If that’s what Smith was searching for, the thrill ride came to an abrupt halt that day in 2005 when the handcuffs clicked. Since then he says he’s lived a pretty average life with his wife in a quiet subdivision in Aurora, three doors down from a police officer. He’s a salesman for an energy services company called CETCO, making trips down to places like Midland, Texas, and Hobbs, N.M., where he grew up as one of seven siblings with a single mother (his father lived in California and stayed in touch). It was in humble Hobbs that Smith believed he’d emerge as a basketball star, until a football coach pulled him aside and asked how tall he was, then asked if he figured he could guard Magic Johnson. No? Well, then you ought to concentrate on football.
When Smith isn’t traveling to the southwest, he’s at home with his wife, tending to his Rottweiler mix or keeping tabs on his six adult children. His seventh child, a daughter, died in her sleep six years ago of an asthma attack, at 26, Smith says, and her mother died just several weeks ago of cancer.
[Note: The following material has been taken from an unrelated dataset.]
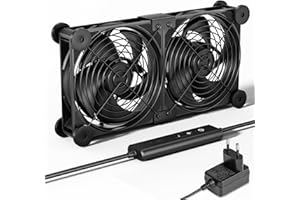 upHere Gaming Ventiladores 12V, 120mm, 5 Velocidades Ajustables, Con Regulador, Doble Rodamiento de Bolas, Para PC/Xbox/Playstation/TV Box, 2 Unidades (U2DC2-1)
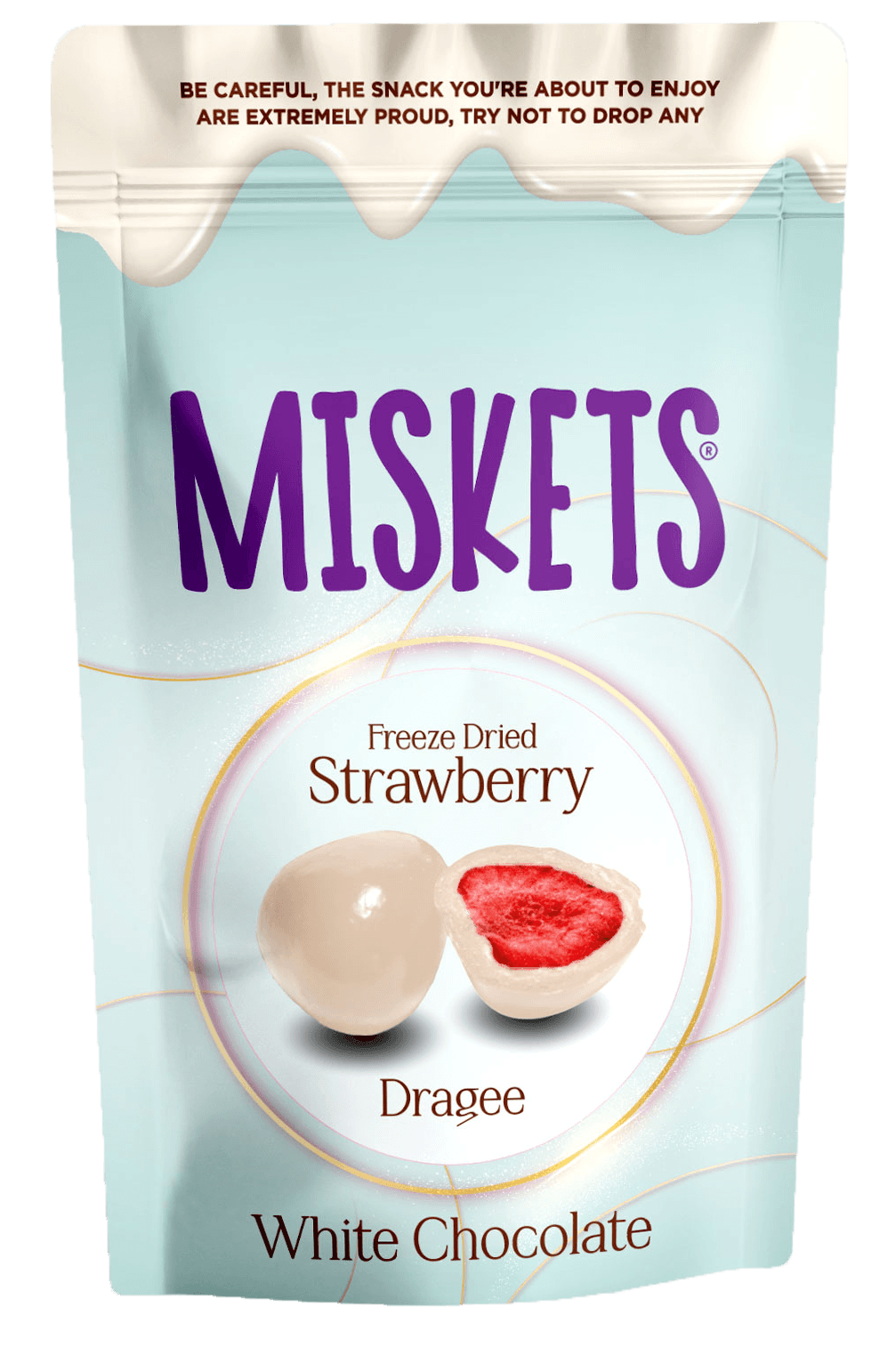 Miskets Fildişi Çikolata Kaplamalı Freeze Dried Çilek  (80 Gr.)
On Sundays during NFL season he watches games at Casa Vallarta among Broncos fans and cringes when Ickey Woods, who played from ’88 to ’91 for the Bengals, appears on TV commercials doing the ‘Ickey Shuffle’ for Geico. “How did Ickey get a commercial and I didn’t!?” Smith shouts, laughing.
Smith’s ‘Cabbage Patch’ touchdown celebration didn’t quite catch on, despite its appearance on late-night TV.
That was a different kid on Letterman, soft-spoken and unassuming, wearing a black sweatsuit with a gold chain around his neck and a Super Bowl hat on his head. This Timmy Smith, the man in the Mexican restaurant, knows every inch of the grainy Letterman clip, and of the Super Bowl highlights that are so prevalent this time of year. He knows glory, and regret, and mediocrity, and what it is to sleep in a cage.
“In the end,” he says, “every day above ground is a good day.”